Comme le chantre du nouveau roman et le maître du polar
Laurent Graff, évite en effet le je facétieux ou un ll qui isolerait son personnage principal de ses contemporains pour lui préférer le on qui va associer bon gré mal gré ses lecteurs aux affres du héros ou plutôt de cet anti-héros. Ce choix stylistique est redoutable car comme l'indique
Camille Laurens dans son magnifique recueil
Quelques-uns qui fait suite au Grain des mots, ce petit mot est un pronom personnel, toujours assujetti, cet invariable aime la variété ; il ne désigne personne mais il remplace tout le monde. C'est le champion de la métempsycose. Il anime à lui seul les six personnes de la conjugaison, s'adaptant à chacune avec un sens aigu de la nuance. Plus loin elle ajoute qu'il est le miroir de l'homme. L'étymologie va plus loin puisque on dérive directement du latin homo.
On c'est donc l'homme, cet homme Jean dont on découvre la vie à la banalité abrasive. Calembredaine de la bedaine de la quarantaine qui éloigne inéluctablement la concrétisation des rêves de séduction. Cohabition plus que vie commune avec la mère de ses enfants dont il craint les foudres ménagères et recherche péniblement quelques attouchements hebdomadaires faute de mieux. Consommation rituelle d'un café matinal sur le comptoir du bar de la gare en attendant le train qui le conduira à son travail de bureau où l'ennui et la médiocrité se livrent à une lutte farouche en dépit de la tartufferie de la convivialité avec ses collègues. Préparatifs de vacances et arrêt sur l'aire d'autoroute.
Peu à peu vous sentirez la nausée vous envahir tant ces cascades de on vous infligent de ressemblances bon gré mal gré avec votre quotidien.
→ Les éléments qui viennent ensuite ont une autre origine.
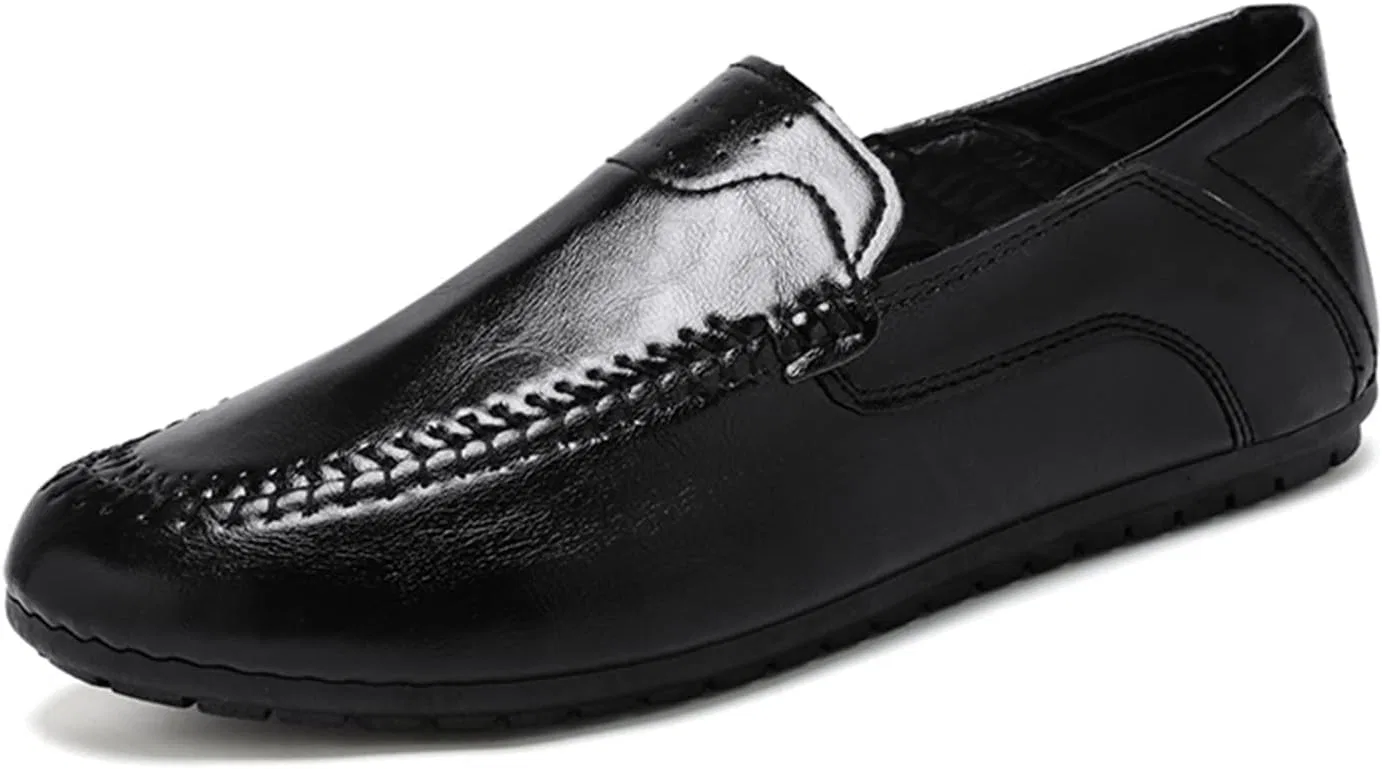 Лоферы мужские с прострочкой, Round Toe, Black DFHXALH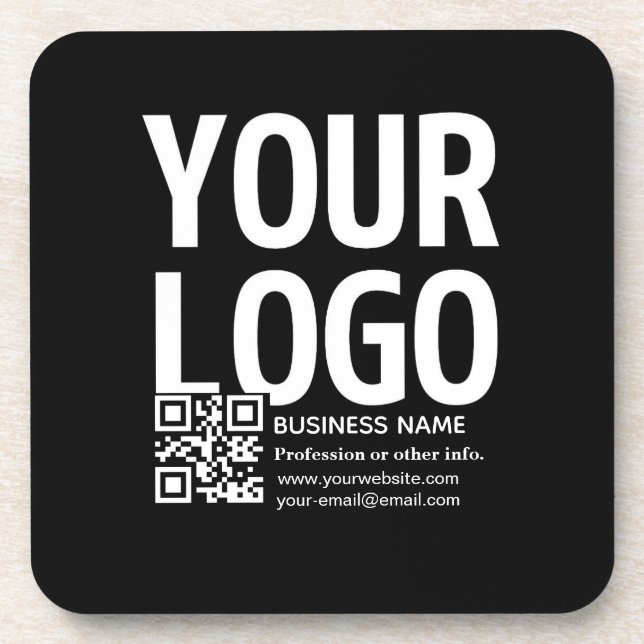 Ihr Logo mit editierbarem QR-Code und Text  Getränkeuntersetzer (Vorderseite)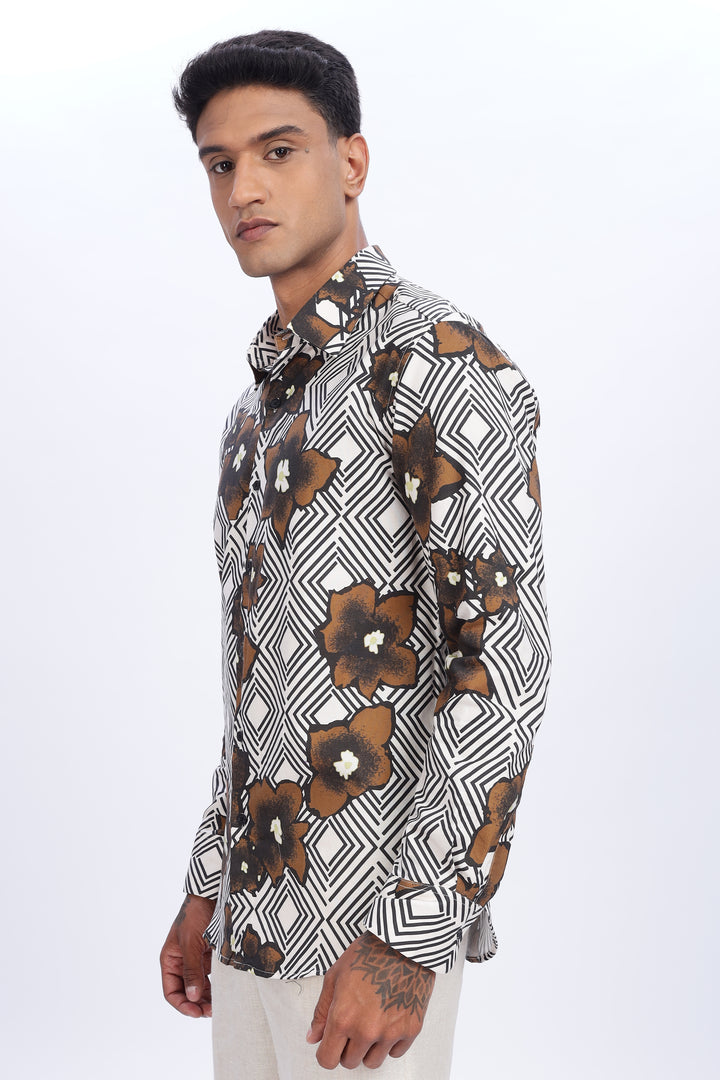 Brown Diamond floral Shirt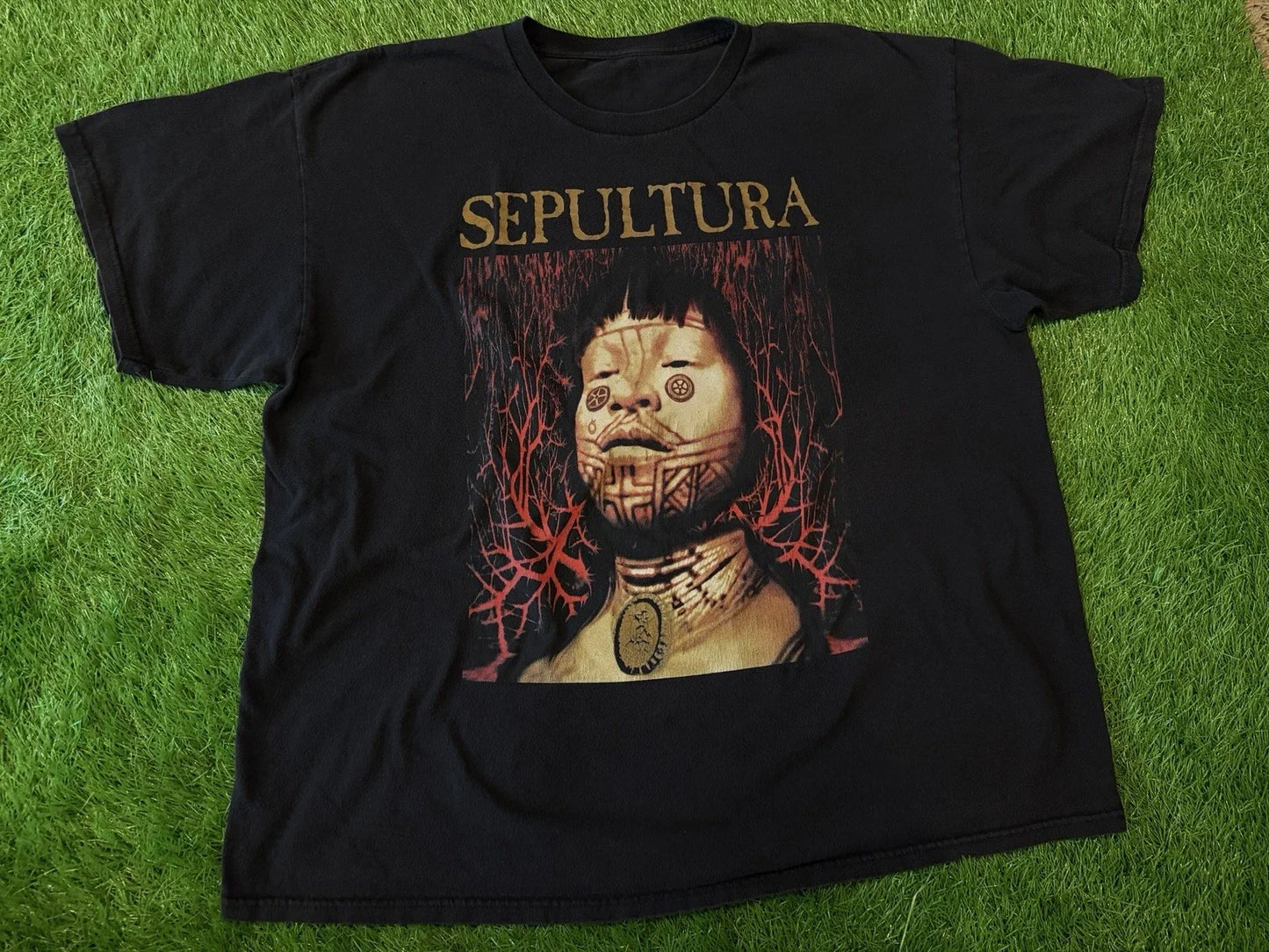Sepultura Roots Brazilian Metal Y2K T-Shirt Merch Band Tee - Size 3XL XXXL Unisex T-shirt, Sweatshirt, Hoodie, Long Sleeve Tee - T-Shirt, Sweatshirt, Hoodie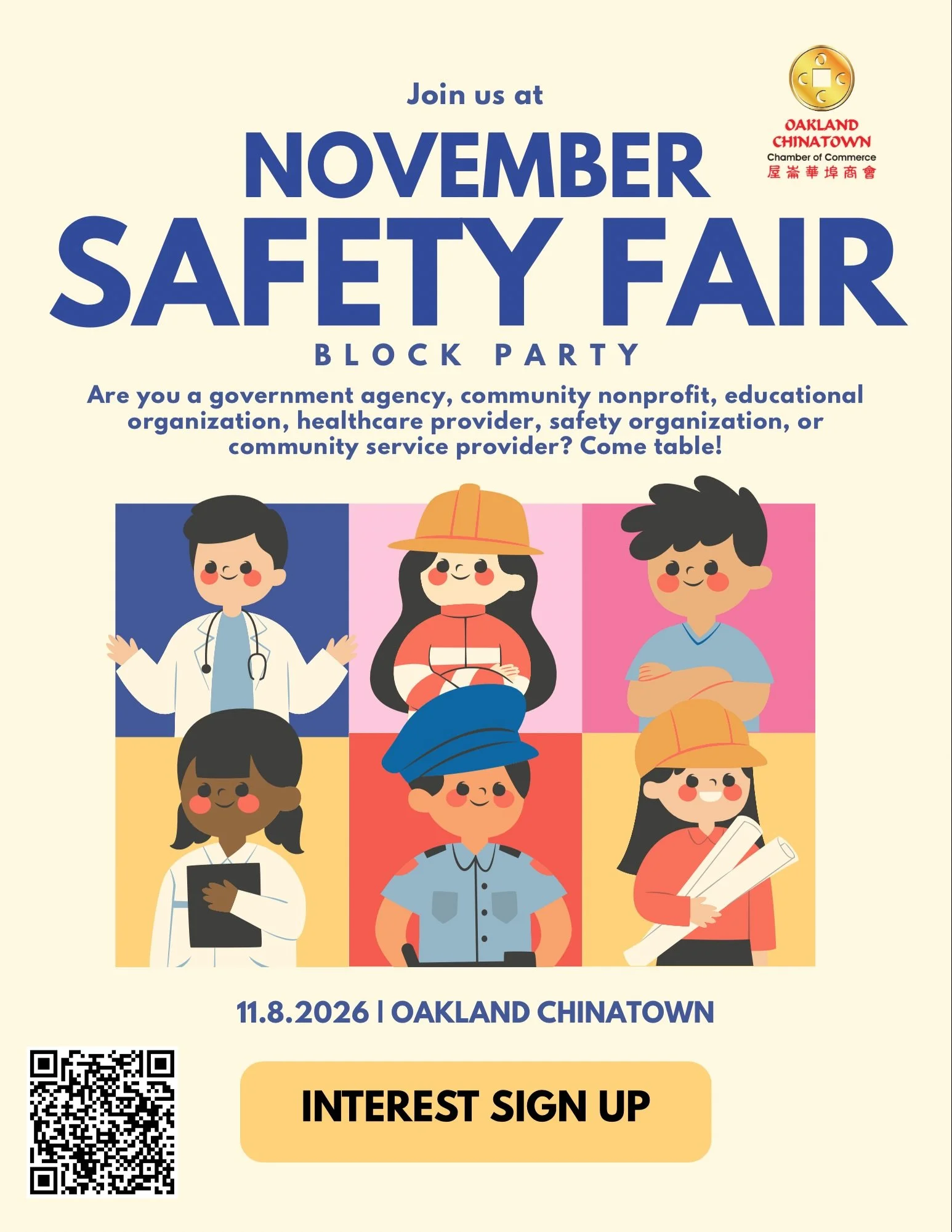 Table at our November 2026 Safety Fair! Are you a government agency, community nonprofit, educational organization, healthcare provider, safety organization, or community service provider? This event is for you! 

This event will be held outdoors and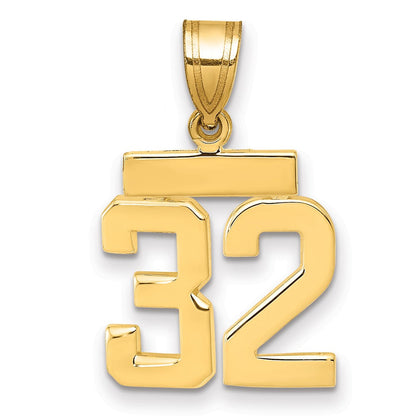 14K Gelbgold Kleiner Polierter Charm Zahl 32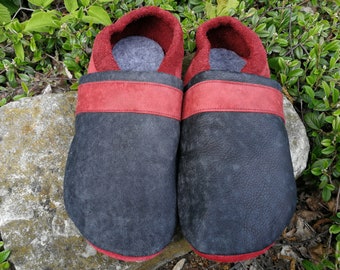 black-red leather dolls - slippers - office shoes for adults in suede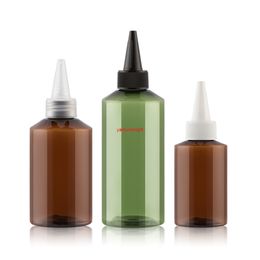 50pcs 50ml 100ml green brown round empty cosmetics container with pointed mouth top cap ,DIY liquid Lotion plastic bottlesgood package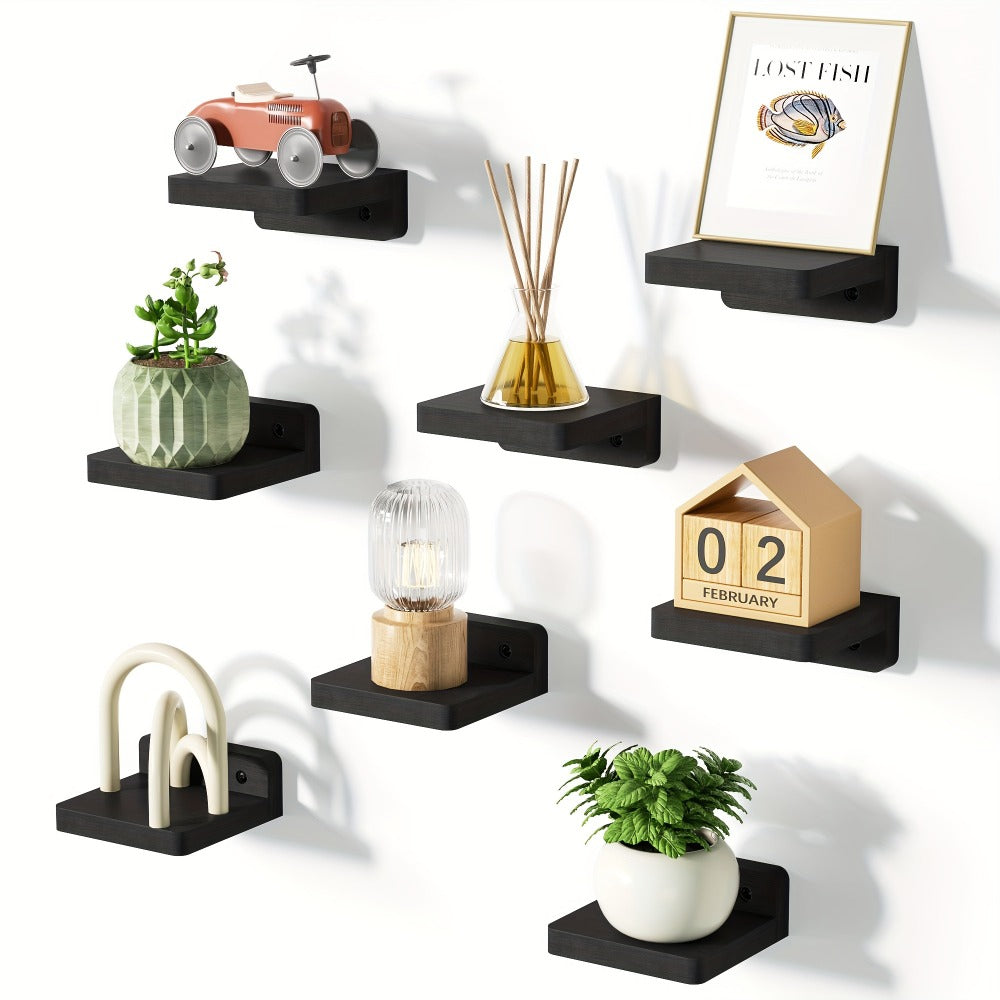 Wall Mounted Wooden Shelves Set of 8 - Small 4 Inch Floating Shelves for Bedroom, Bathroom, Kitchen & Office Decor and Storage, Rustic Style (Pure Black)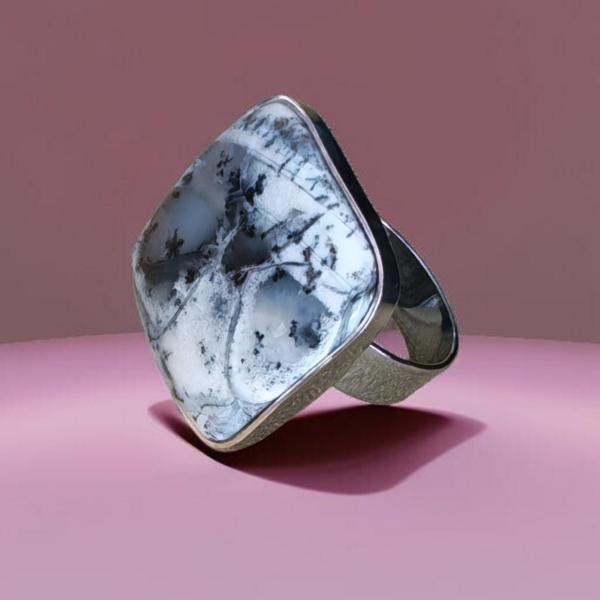 Ring mit Dendritenjaspis in 925 Silber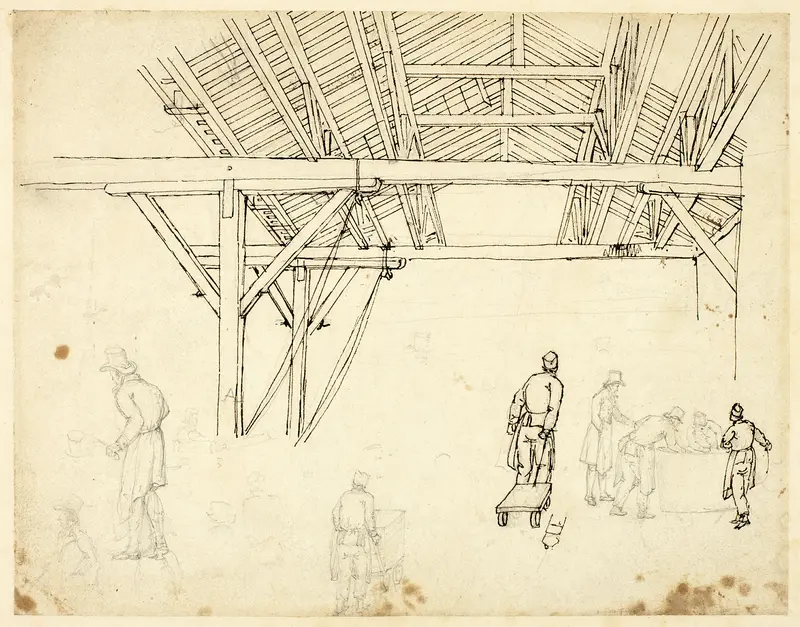 Rejected Study, possibly for an illustration of the Custom House, from Microcosm of London (recto); Sketches of Workers with Barrels (verso) Wall Art by Augustus Charles Pugin - High-Resolution Digital Print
Ce pronom personnel honni - on c'est un con entendais-je dire dans mon enfance - est-il le hérault de l'universel nivellement des espoirs romanesques vers le bas ? le "qu'en dira-on ?" et les "on dit" doivent-ils toujours avoir le dernier mot sur les "on ira où tu voudras, quand tu voudras et on s'aimera encore quand l'amour sera mort" ?
A la manière des contes à la courte paille de
Gianni Rodari,
Laurent Graff propose après cette immersion dans le banal, trois suites possibles, trois récits où brusquement une panne de réveil, un retard viennent tout changer à la façon d'un battement d'ailes de papillon qui entraînerait un ouragan. Jean devient tour à tour Achille, Ambroise puis Arsène qui tous trois verront leur vie modifiée dans le marc du café de la gare. le premier parce qu'il prendra son café dans la salle à côté d'une inconnue, le second parce qu'il remplacera le café quotidien par un whisky qui en appelera beaucoup d'autres, le dernier parce qu'il a renoncé à prendre son café et s'est mis à marcher vers on ne sait quoi.
A vous de voir au sortir de la lecture de ce court roman si vous préfereriez être Jean, Achille, Ambroise, ou Arsène mais ces quatres hommes vous hanteront comme ce sempiternel on hante le livre à la façon d'un bourdon de cornemuse dans la brûme des rêveries.